Credo di avere un rapporto speciale con alcuni insetti. Ero convinto che fosse solo una cosa fra me e il grillo Gerald (vedi qui), e invece no, credo siano gli ortotteri in generale. Tipo che l’altro giorno pure una cavalletta mi guardava negli occhi. Era sempre lì nel davanzale (non quello della camera in cui avevo conosciuto Gerald, quello dove c’è il pc e tutto il resto), ed era rimasta chiusa fra la finestra e la zanzariera. Comunque, stava lì buona, e mi diceva chiaramente che, senza fretta eh!, se gli aprivo la zanzariera così poteva farsi un giro fuori era meglio. Infatti, dopo che l’ho aperta non c’era più, ma il giorno dopo era di nuovo lì. Forse abita sul mio davanzale. Ci passera l’inverno? Me lo chiedo perché una volta avevamo adottato un riccio, e quando da grande l’abbiamo lasciato in giardino, libero di vivere come li pareva, lui non si è più visto. Tranne una volta, qualche giorno dopo, che è passato nel portico davanti casa a salutarci, e poi è sparito definitivamente. Insomma, non è il caso di affezionarsi alla cavalletta se non ha intenzione di restare, no?

E poi adoro questo disco qua:
Ciao.

Friday, 23 October 2009

Pensiero profondo del venerdì

Ebbene, l’odierno pensiero profondo appartiene a Jack White (White Stripes) e recita così:

"do not trust people who call themselves musicans or record collectors who say they don't like Bob Dylan or The Beatles. They do not love music."

E io son completamente d’accordo. Tra l’altro la frase continua così:

"They love record sleeves and getting attention for their hobby, but they don't love music."

Detto questo, io c'ho fame, non so voi.

Friday, 16 October 2009

Brutto svegliarsi che è ancora buio

Dunque, anche ieri ho registrato la batteria. E registrare la batteria da solo mica è una cosa da ridere. Premi “rec” nel Pc, poi parti di corsa verso la batteria, ti siedi, metti le cuffie, prendi le bacchette e:
- ci hai messo troppo tempo, la canzone è già cominciata e devi ricominciare da capo;
- sbagli già dal primo colpo, il che a me succede quasi sempre, e anche in questo caso si ricomincia da capo;
- non sbagli nulla, e a questo punto sei talmente concentrato a cercare di non sbagliare (per non dover incorrere di nuovo in quanto già esposto sopra), che sbagli per eccessiva concentrazione.E tutto questo senza alcuna coreografia. Però almeno mi tengo in forma.

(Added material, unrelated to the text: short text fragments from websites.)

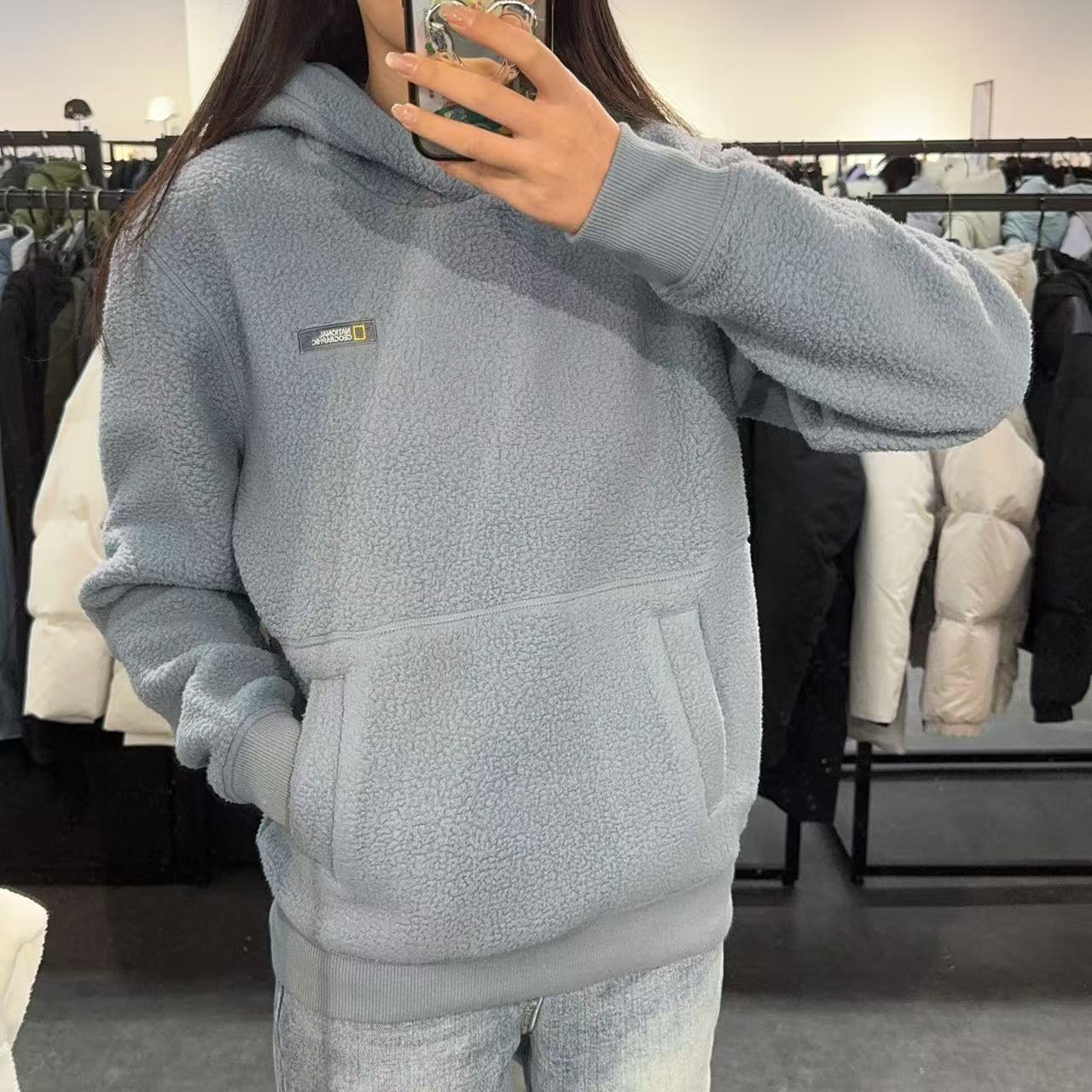 【現貨】韓國 National Geographic Wica Fleece Hoodie【NG418】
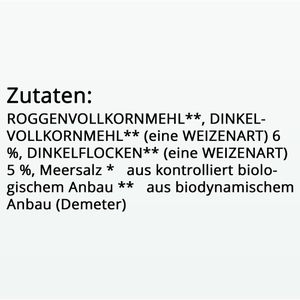 Produktbild für Knäckebrot Naturata Vollkorn Roggen mit Dinkel demeter, BIO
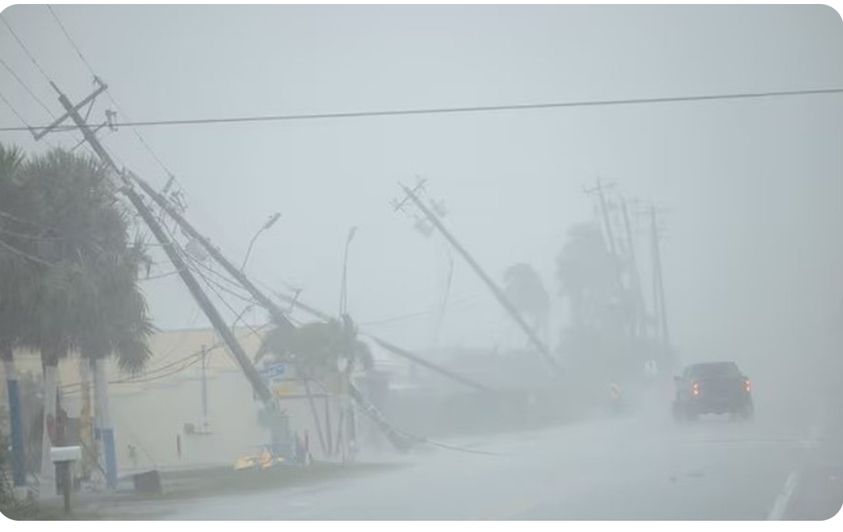 SHOCKING VIEWS/ Hurricane “Milton” hits Florida, reported d*ad, 2 million buildings without electricity.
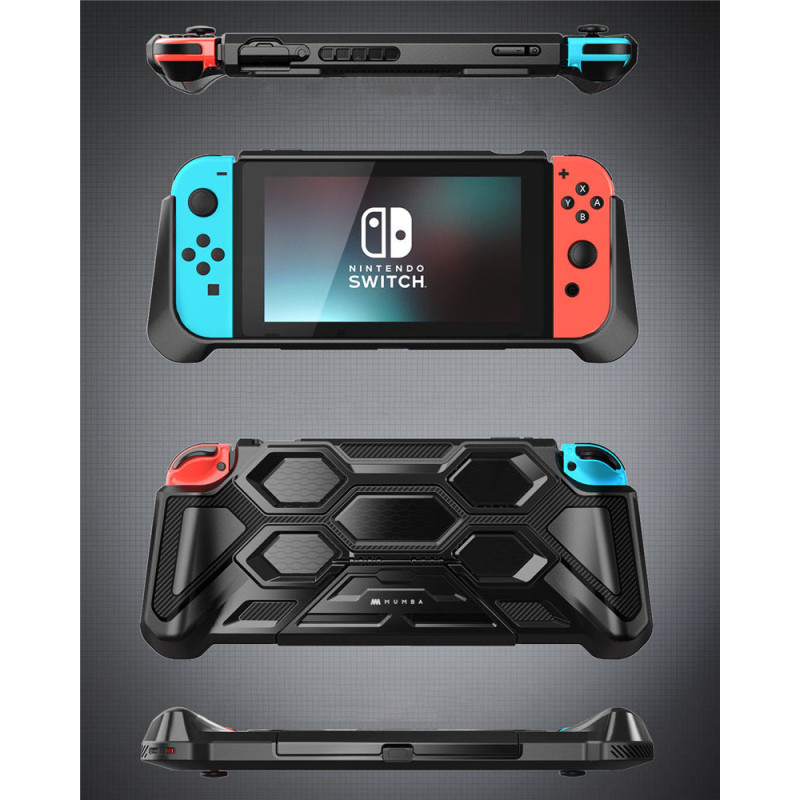 Захисний чохол бампер з підставкою Mumba Blade для Nintendo Switch / Black Захисний чохол бампер з підставкою Mumba Blade для Nintendo Switch / Black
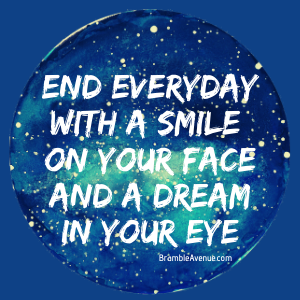 end day with smile and dream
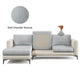Thick Sofa Cushion Cover | Plush Chenille, 15 Colours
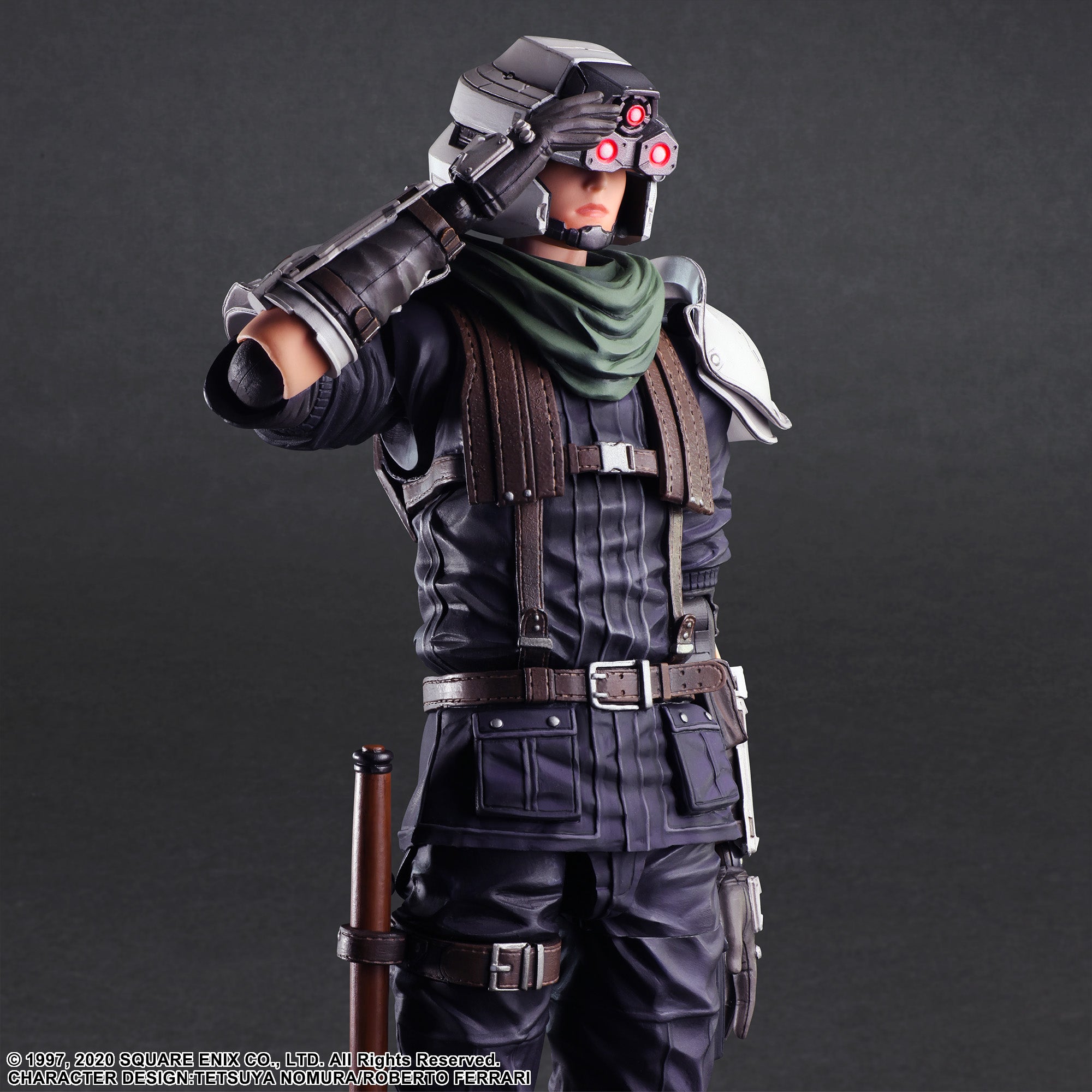 Square Enix Final Fantasy VII Remake Play Arts Kai Action Figure - Shinra Security Officer
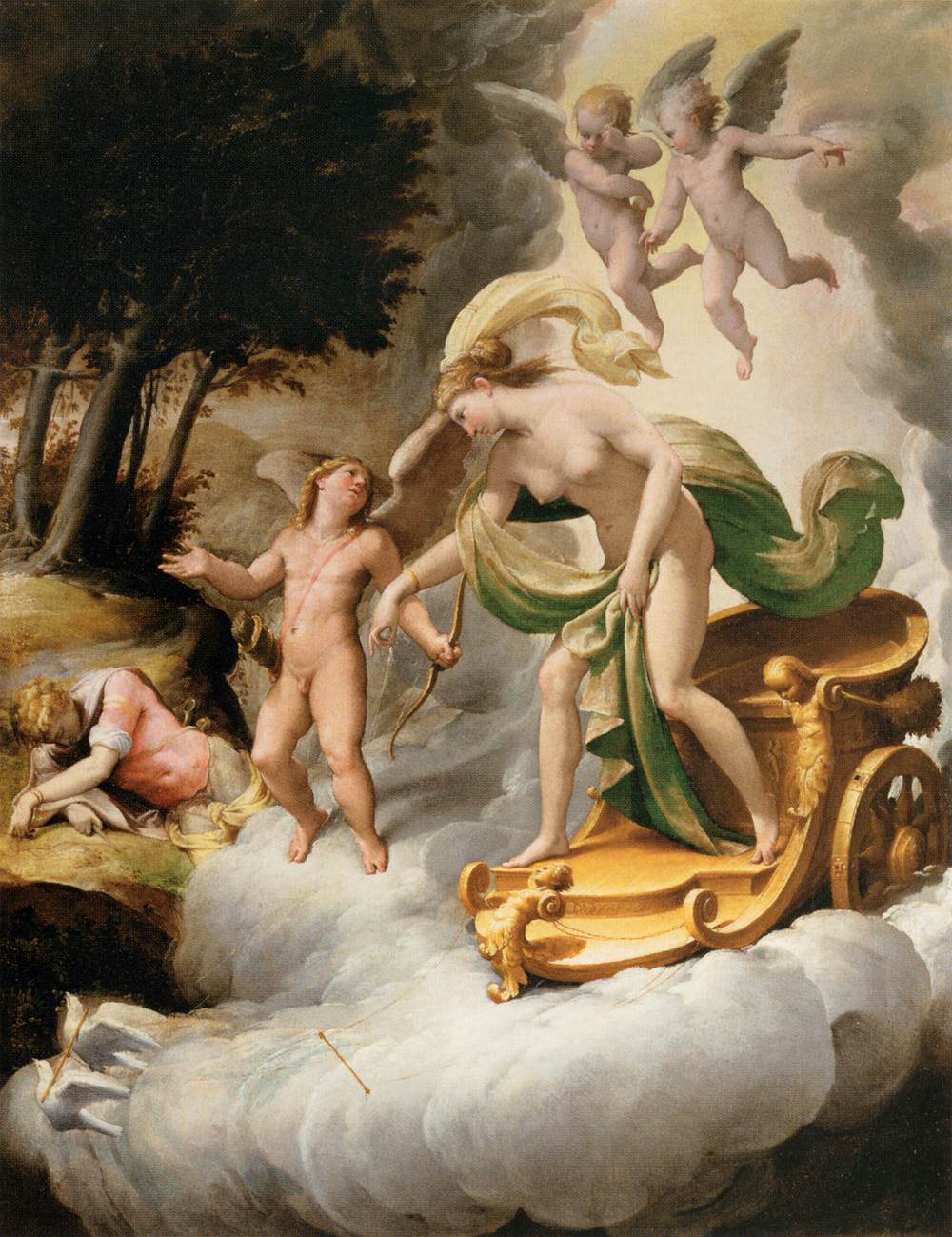 Venus Led by Cupid to the Dead Adonis by BERTOIA, Jacopo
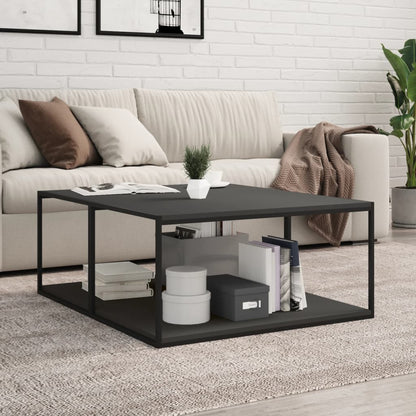 Wandschappen 4 st 80x50x1,5 cm spaanplaat grijs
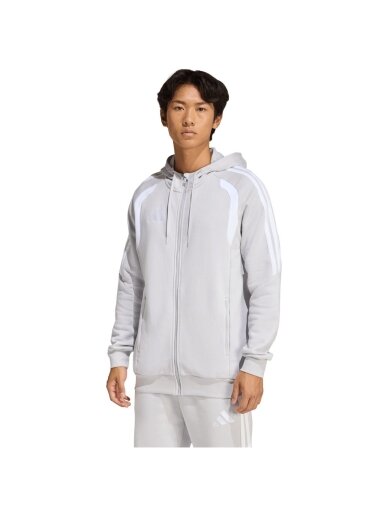 Adidas Tiro 26 League Sweat Full Zip Hoody džemperis vyrams pilkas KF3319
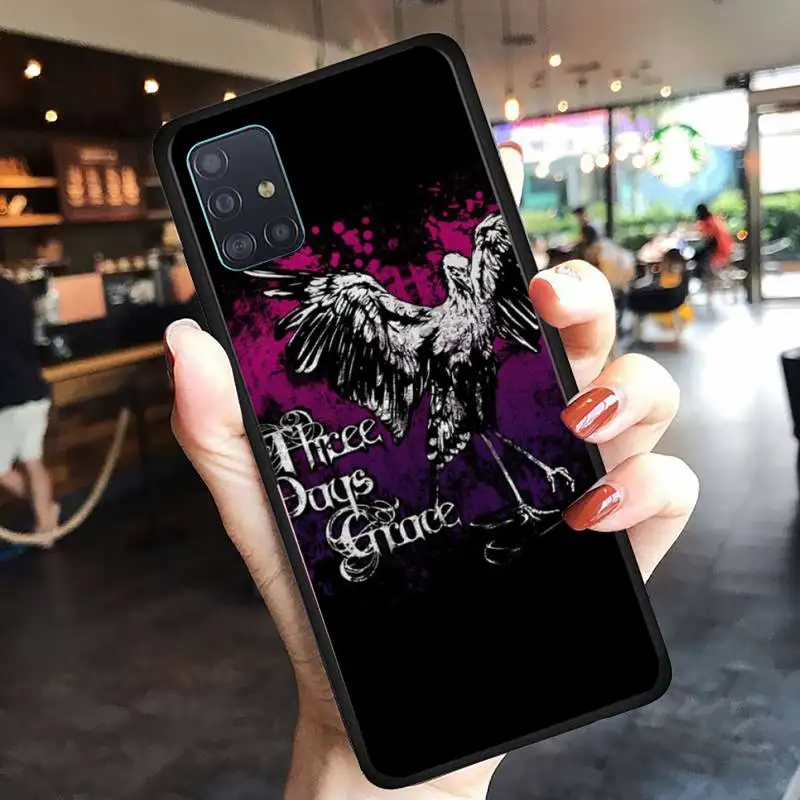 

three days grace Phone Case For Samsung A50 A51 A71 A12 A72 A52 A32 A02 A20E A31 A40 A70 A80 smart Fundas coque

In più, volevo dire che uno dei miei gruppi preferiti, gli Albanopower, mi ha chiesto di partecipare al loro folle progetto Albanopumpkins (si tratta del rifacimento integrale di Mellon Collie and the Infinite Sadness, storico album del 1995 degli Smashing Pumpkins), contribuendo con una canzone. Ne sono onorato.
Inoltre, se volete far parte di quelli che un giorno potranno permettersi di dire “io li conoscevo quando non erano ancora famosi(ssimi)!”, vi consiglio caldamente di andarli ad ascoltare, e magari acquistare il loro CD.

Ogni tanto mi capita di trovare on-line delle piccole cose che mi fanno piacere. Come, ad esempio, il fatto che la Sonoma’s State Radio Station (Music Department - Sonoma State University) ha inserito Dreamsongs nella sua libreria, con tanto di valutazione “quattro stellette su cinque”. E si sa che negli USA le stellette valgono, mica cavoli.

Basta.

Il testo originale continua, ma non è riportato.